Studio album by Loene Carmen
- Released: 2002
- Recorded: Loose Connections, Darlinghurst, NSW
- Genre: Singer Songwriter Electronic Alternative rock
- Length: 52:09
- Label: Chiquita
- Producer: Loene Carmen

Loene Carmen chronology
|  | Born Funky Born Free (2002) | Slight Delay (2004) |

= Born Funky Born Free =

Born Funky Born Free is the debut album from Australian singer/songwriter Loene Carmen. It was independently released in 2002 on Chiquita Records in Australia. It was recorded in Carmen's home studio, Loose Connections, in Darlinghurst, NSW and mixed and mastered at BJB Studios by Chris Townend.

Carmen states this album was inspired by funk pioneer Betty Davis. "I called my first album Born Funky Born Free in some kind of homage to Betty (Davis), and wrote a song from her imagined point of view called My Friends Call Me Foxy. Performing it always makes me stand up a little straighter."

"Mainly it was just me alone with headphones on, in my own little world..."

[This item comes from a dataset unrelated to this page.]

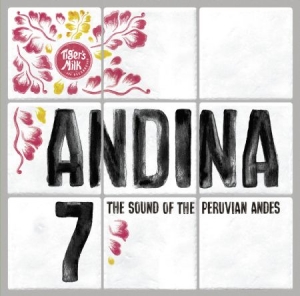 Blandade Artister - Andina 7 (Picturedisc) i gruppen VINYL / Elektroniskt,World Music hos Bengans Skivbutik AB (2572447)
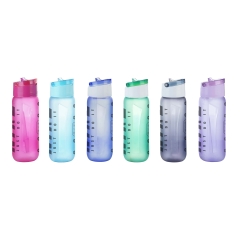 قمقمه نشکن فلای مات نی دار کوچک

In 2022 she reflected on the recording process for Talkhouse "I knew I was making a really weird-sounding album that was not likely to find many listeners, but I couldn’t stop. I was in love with it, and with the whole process. It felt like a statement album: This is who I am, if you don’t like the heat, get out of the kitchen. I’d always been a weirdo, I was just letting it all hang out — half girl, half beast. I didn’t even think about trying to find a label to release it; I just got it all ready for release, got quotes from CD printing places, squirreled away what funds I could towards it, and put the rest on a shonky credit card. Once I’d paid it off, I was ready to make the next one."

==Personnel==
- Loene Carmen - vocals, guitar, organ, beats
- Cathy Green - bass, vocals
- Simon Day - guitar
- James Cruickshank - guitar, organ
- Kristyna - guitar

==Track listing==
1. "Born Funky Born Free" (3:39)
2. "My Friends Call Me Foxy" (4:24)
3. "Rock On" (4:56)
4. "Half Girl Half Beast" (4:41)
5. "Chiquita Dub" (3:25)
6. "Girl You Feel Alright To Me" (4:47)
7. "The Doctor" (3:48)
8. "I've Got Those Tickets You Wanted" (3:28)
9. "The Green Ray" (4:09)
10. "Gemini" (3:51)
11. "Drag the River" (4:15)
12. "White Wine & Cigarettes (Rest Hard)" (2:42)
13. "How Close Are You?" (4:24)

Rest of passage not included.